§ **Dataset**:
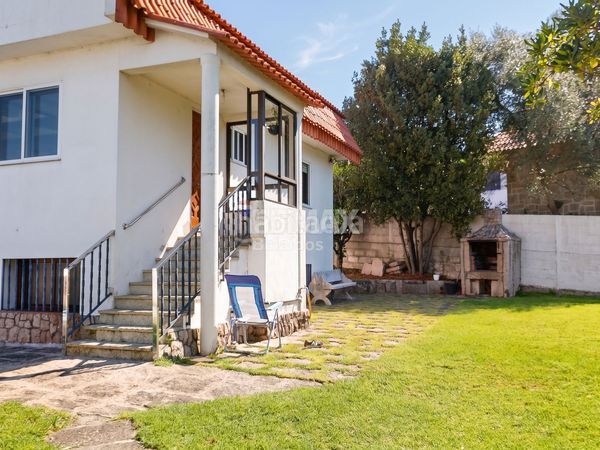 Foto 7334cf21-2d92-4718-8466-8e5447ca10a6. Casa amb calefacció aparcament piscina a Sardoma - Castrelos Vigo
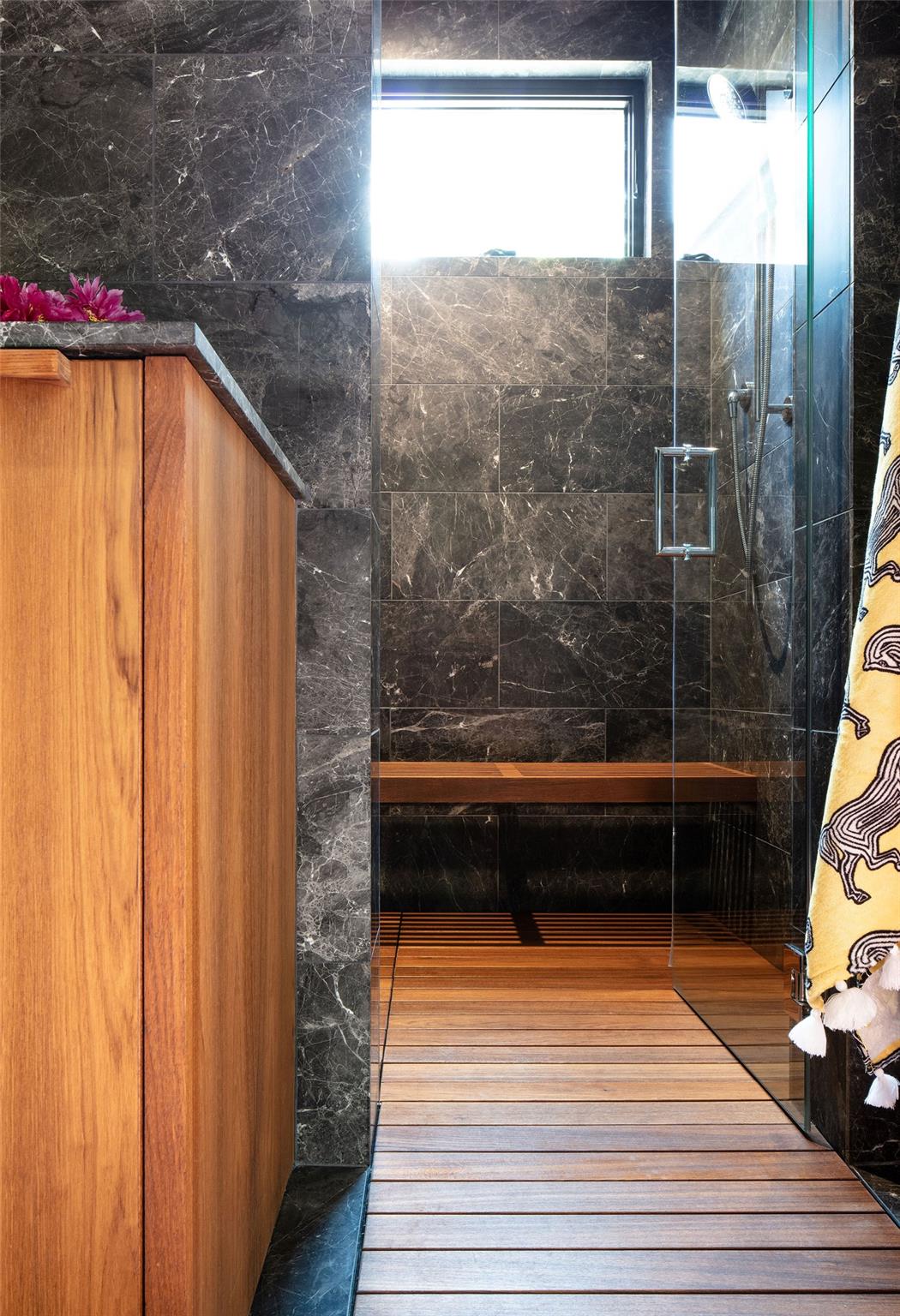 1807 W 37th St, Austin, TX 78731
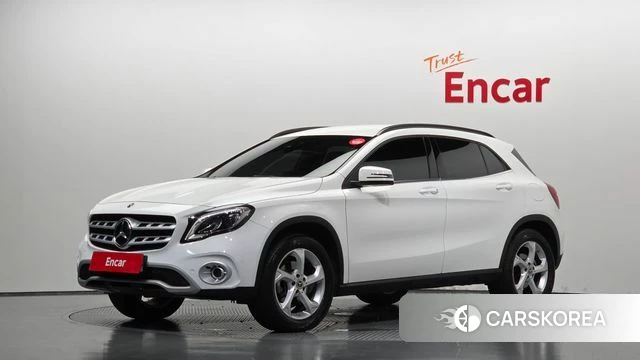 Mercedes-Benz GLA-Class X156 2018 Белый из Кореи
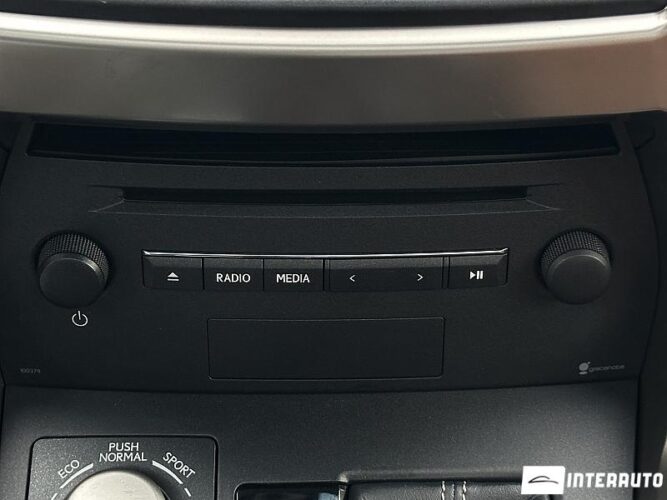 Lexus NX 300H 44 interauto-car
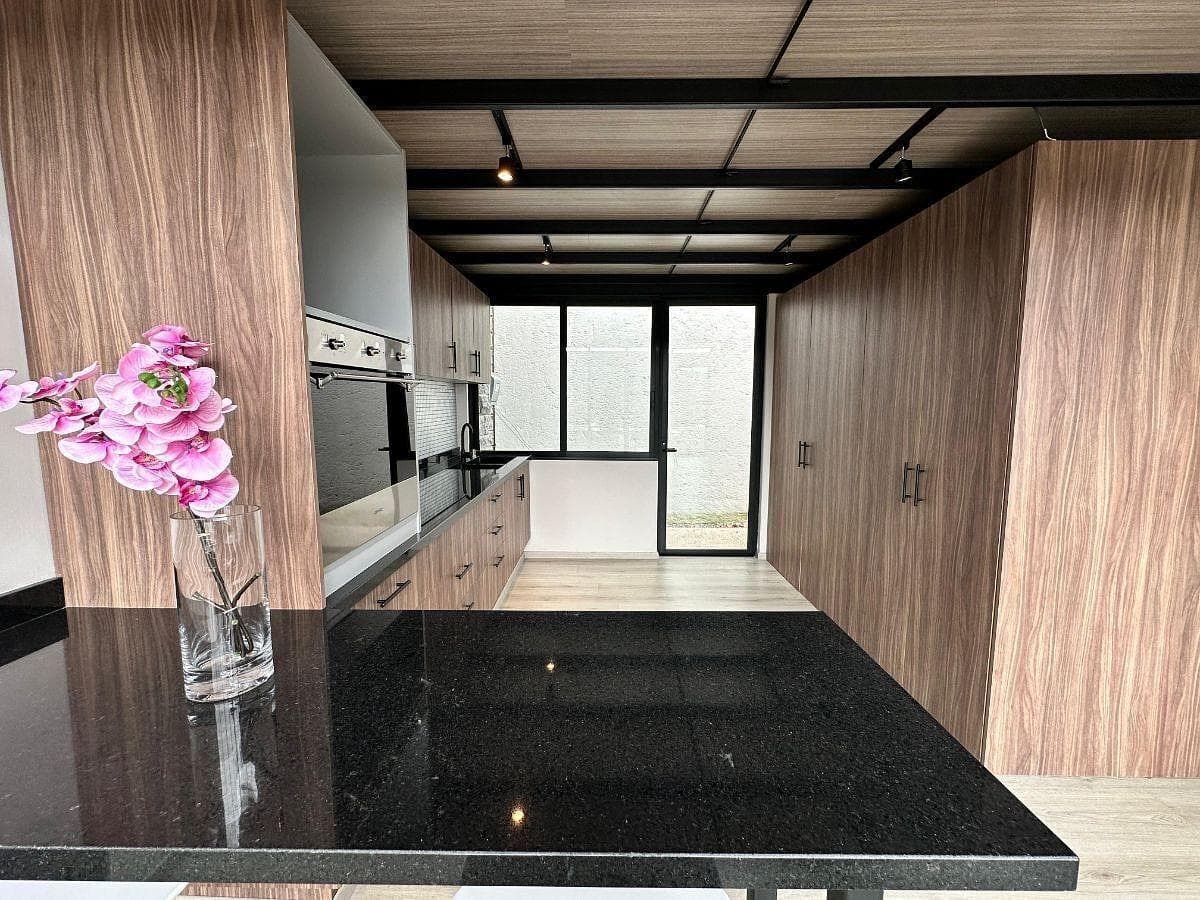 Beautiful house for sale in San Lorenzo Acopilco with a view of the forest.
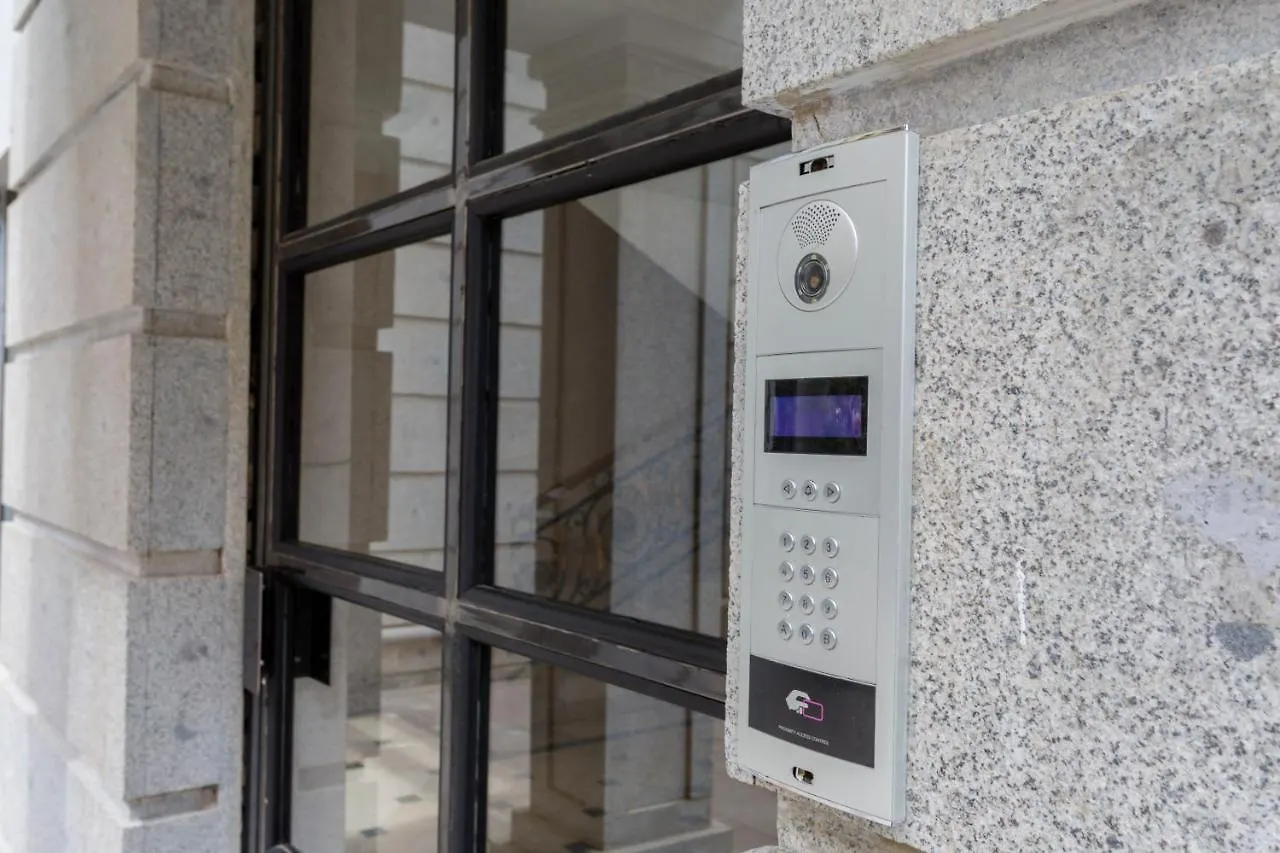 Luxury Apartment For Families Or Group Of Visitors In City Center Tbilisi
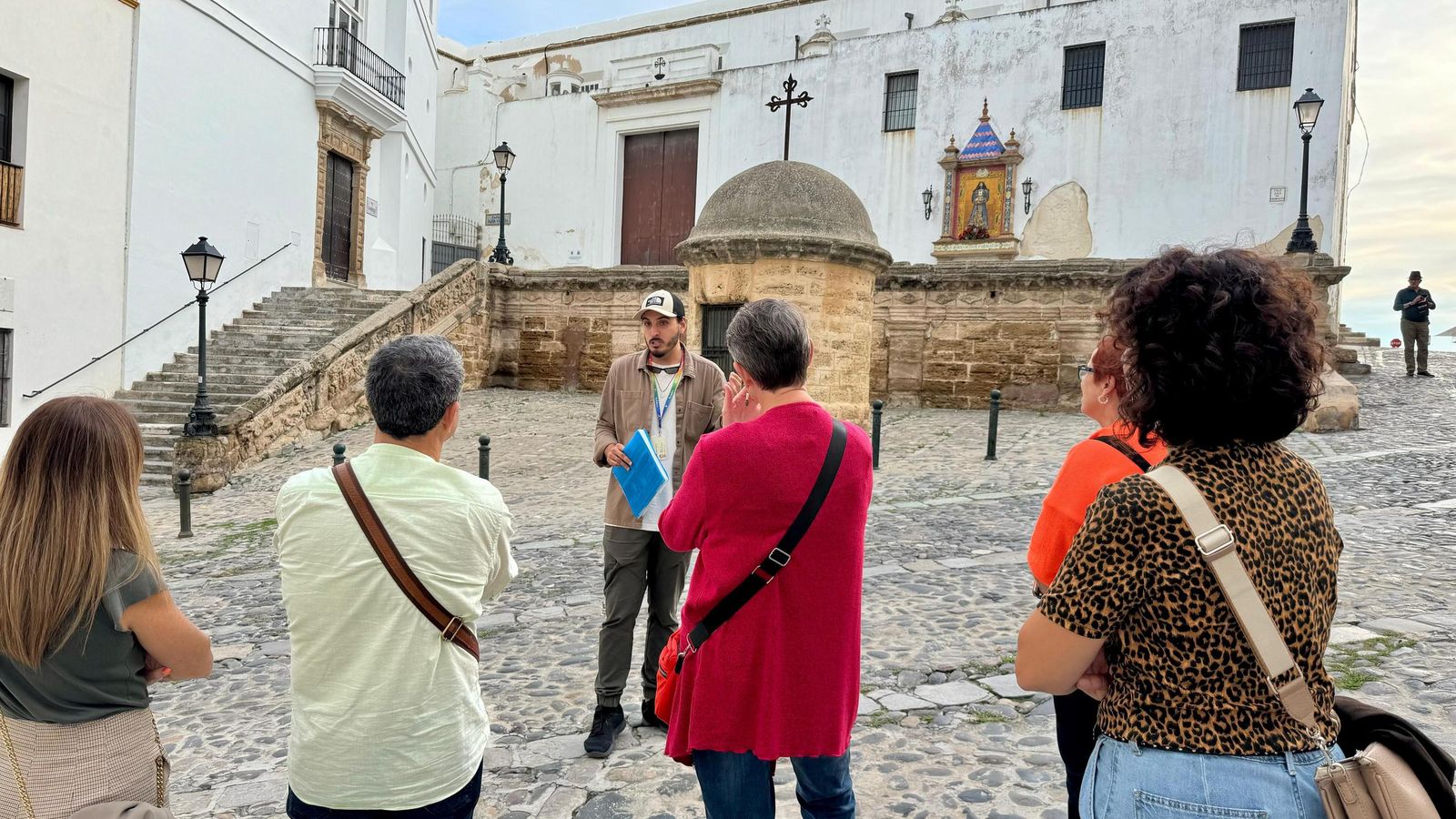 Uno de los momentos de la ruta histórica por Cádiz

§ **Work instruction**:
In the listing, find the line with "Beautiful house for" and retype exactly from there through the last line, both included, leaving the pictures out.

§ **Solution for this task**:
 Beautiful house for sale in San Lorenzo Acopilco with a view of the forest.
 Luxury Apartment For Families Or Group Of Visitors In City Center Tbilisi
 Uno de los momentos de la ruta histórica por Cádiz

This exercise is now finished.